Friday, July 08, 2016

Thoughts on fossil fuel

Let me start off by saying that I am not by any stretch an expert in the petroleum industry, or any industry for that matter. If any readers have some intelligent facts to inject into the conversation, please be my guest.

I've been witness to, and even participated in, some very heated discussions about oil. Our dependence on it, its effect on our climate, our economy, wars between nations, you name it. I've heard every argument from 'we can't end our dependence on oil' all the way to 'we need to stop using oil as soon as possible'.

I just thought I'd throw my own ideas and thoughts into the fire.

Oil makes a lot of money for a select group of people. Why is it still being subsidized?

Why are people alright with the oil industry being subsidized, but lose their minds if green energy and products are subsidized?

Why do some people continue to use the excuse 'China keeps using coal, why can't we?'? China abuses their people too.

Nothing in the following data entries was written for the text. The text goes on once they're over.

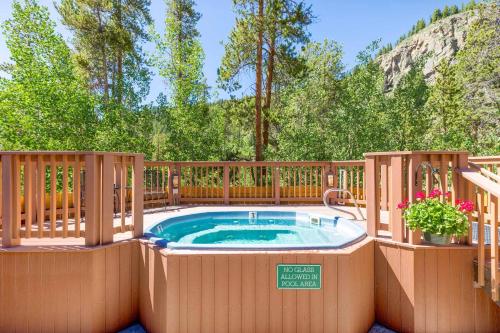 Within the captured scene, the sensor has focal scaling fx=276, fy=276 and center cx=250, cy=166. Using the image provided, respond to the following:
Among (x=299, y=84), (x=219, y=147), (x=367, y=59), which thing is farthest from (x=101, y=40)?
(x=367, y=59)

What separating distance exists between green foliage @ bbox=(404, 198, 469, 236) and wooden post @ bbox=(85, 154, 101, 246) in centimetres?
334

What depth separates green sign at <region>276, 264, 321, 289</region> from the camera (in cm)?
266

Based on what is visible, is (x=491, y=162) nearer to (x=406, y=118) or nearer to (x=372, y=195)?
(x=372, y=195)

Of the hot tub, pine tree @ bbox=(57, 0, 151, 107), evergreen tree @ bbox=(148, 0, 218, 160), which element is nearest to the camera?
the hot tub

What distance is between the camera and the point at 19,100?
9.67 metres

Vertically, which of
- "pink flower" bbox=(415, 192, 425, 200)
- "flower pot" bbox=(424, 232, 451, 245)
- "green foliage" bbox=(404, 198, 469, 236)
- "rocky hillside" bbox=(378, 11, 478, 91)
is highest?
"rocky hillside" bbox=(378, 11, 478, 91)

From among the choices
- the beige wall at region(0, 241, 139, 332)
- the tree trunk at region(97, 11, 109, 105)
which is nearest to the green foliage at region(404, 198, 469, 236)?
the beige wall at region(0, 241, 139, 332)

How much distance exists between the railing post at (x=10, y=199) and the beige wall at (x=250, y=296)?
1.73m

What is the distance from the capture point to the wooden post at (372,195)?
3369 mm

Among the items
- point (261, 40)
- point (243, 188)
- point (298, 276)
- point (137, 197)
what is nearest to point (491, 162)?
point (298, 276)

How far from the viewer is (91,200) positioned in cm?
298

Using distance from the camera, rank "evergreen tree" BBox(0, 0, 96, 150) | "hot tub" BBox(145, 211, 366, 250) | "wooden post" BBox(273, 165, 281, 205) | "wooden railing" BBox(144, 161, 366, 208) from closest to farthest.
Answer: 1. "hot tub" BBox(145, 211, 366, 250)
2. "wooden railing" BBox(144, 161, 366, 208)
3. "wooden post" BBox(273, 165, 281, 205)
4. "evergreen tree" BBox(0, 0, 96, 150)

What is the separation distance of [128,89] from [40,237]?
11.1m

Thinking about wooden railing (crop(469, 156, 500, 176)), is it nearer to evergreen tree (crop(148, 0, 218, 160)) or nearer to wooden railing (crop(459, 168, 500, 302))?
wooden railing (crop(459, 168, 500, 302)) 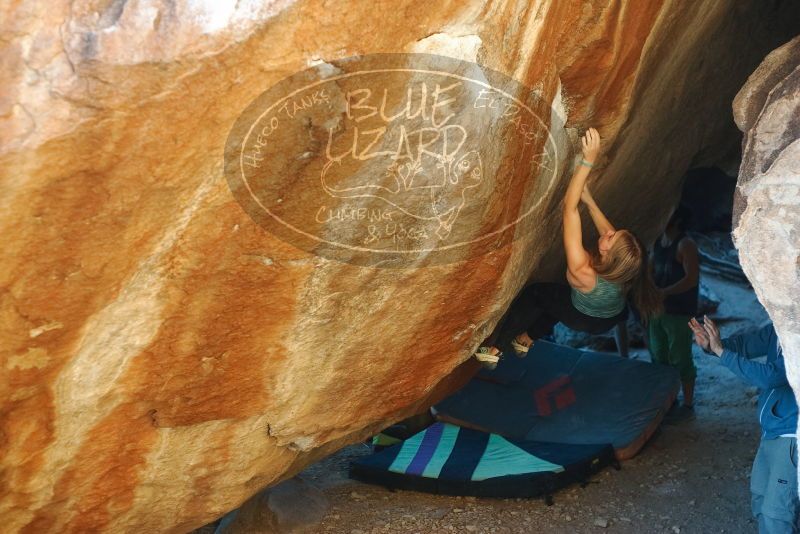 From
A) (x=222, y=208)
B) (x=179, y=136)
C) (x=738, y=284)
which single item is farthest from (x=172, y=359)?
(x=738, y=284)

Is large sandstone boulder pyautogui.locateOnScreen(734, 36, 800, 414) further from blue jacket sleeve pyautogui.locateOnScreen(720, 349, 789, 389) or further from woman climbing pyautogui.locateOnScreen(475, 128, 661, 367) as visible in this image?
woman climbing pyautogui.locateOnScreen(475, 128, 661, 367)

Why don't we?

If Germany can get to a point where on one particular day they were getting 95% of their electricity from renewable sources, why do our energy suppliers insist that our grid could never handle more than 20% coming from renewable sources?

If one company (Tesla) can build a fast, practical, safe all-electric vehicle, then add a world-wide free charging network to support it, why can't anyone else?

If Norway, one of the coldest countries in the world, can adopt the electric car faster than any other nation, why are places like Canada still suggesting that electric cars will never work there?

People ask 'What would all the oil workers do for work if we stopped pumping oil and switched to renewable energy?'. I'm guessing they would retrain for the renewable energy sector.

If energy suppliers are complaining that we use too much electricity for the grid to handle, why don't they build more supply? Or better yet, why are they against us providing some of our own (solar) on our premises?

Why do we need to find ways to export our oil to other countries when we're still importing oil and refined products from elsewhere?

Is it really true that if we stopped using oil, we wouldn't be able to make plastics? Can't plastics be made from other sources? More importantly, should we be finding a way to stop using plastics?

If all the money that had been invested in finding oil had been instead invested in nation-wide, high speed transportation, would we need long range cars at all?

Why aren't we leveraging geothermal more? Isn't there a practically limitless supply of heat energy underground?

If we have the technology and materials to build well insulated net-zero homes and offices, why do we continue to throw our heating money out the window by building marginally insulated homes?

While we argue about the safety of more pipelines, of which there are already a crap-load, the oil is instead being transported by the longest rail car trains in history. Does this make sense?

Do we not realize that by the time we get our oil to the coasts, the countries we intend to sell to will already be converting themselves to a more sustainable system?

Why do anti-pipeline folks get angry about the newly proposed pipelines, but ignore the substantial, existing network?

I truly believe that the resistance of switching off of oil has nothing to do with its practicality, or that pro-oil people are anti-environmentalists or don't care about the planet. I believe that we're still in oil because it makes money. The only thing that is going to stop our pursuit of getting it out of the ground is when people don't need it anymore.

Norway made a ridiculous amount of money from oil, which they saved up. Now they spend that money on making it cheap to buy electric cars. They fully intend to go oil-free in less than a decade.

I keep hearing the words "Look what oil has done for this country". Aside from jobs, I'm waiting for a more detailed explanation.